Ni fue el único, ni fue el primero, ni siquiera se puede decir que sus escritos sobre experiencias sicodélicas constituyan una aportación realmente importante sobre el tema. Cuando el todavía respetado profesor de la Universidad de Harvard probó los hongos alucinógenos por primera vez, en México, muchos otros le habían precedido; desde Antonin Artaud hasta Albert Hoffman -el descubridor del LSD- y su amigo el escritor Aldous Huxley.

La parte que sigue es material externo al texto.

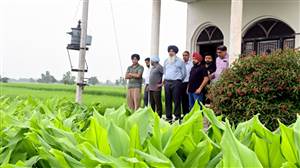 ਡਾ. ਢਿੱਲੋਂ ਦੀ ਅਗਵਾਈ ’ਚ ਪੀਏਯੂ ਦੀ ਟੀਮ ਵੱਲੋਂ ਅਗਾਂਹਵਧੂ ਕਿਸਾਨਾਂ ਦੇ ਖੇਤਾਂ ਦਾ ਦੌਰਾ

La diferencia es que Leary dejó de ser un académico y se convirtió en un activista, en un agitador social, y se encontró con el caldo de cultivo de las universidades norteamericanas durante la década de los sesenta, donde todo parecía posible. Y a veces hasta lo era, aunque en Harvard no apreciaron su discurso y lo despidieron.
Tuvo su momento de gloria, fue perseguido y encarcelado y, cuando salió, su tiempo había pasado. Entonces se dedicó a explotar su propio mito, utilizando con habilidad los circuitos mediáticos norteamericanos.
Pero eso no le descalifica, porque Leary ya era para entonces un gran explorador, alguien que se había paseado por toda clase de territorios desconocidos. Le faltaba el último viaje. Fiel hasta el final, ya en el lecho de muerte, Timothy Leary se incorporó y lanzó su última pregunta: "¿Por qué no?" Y se respondió con un grito: " Yeah".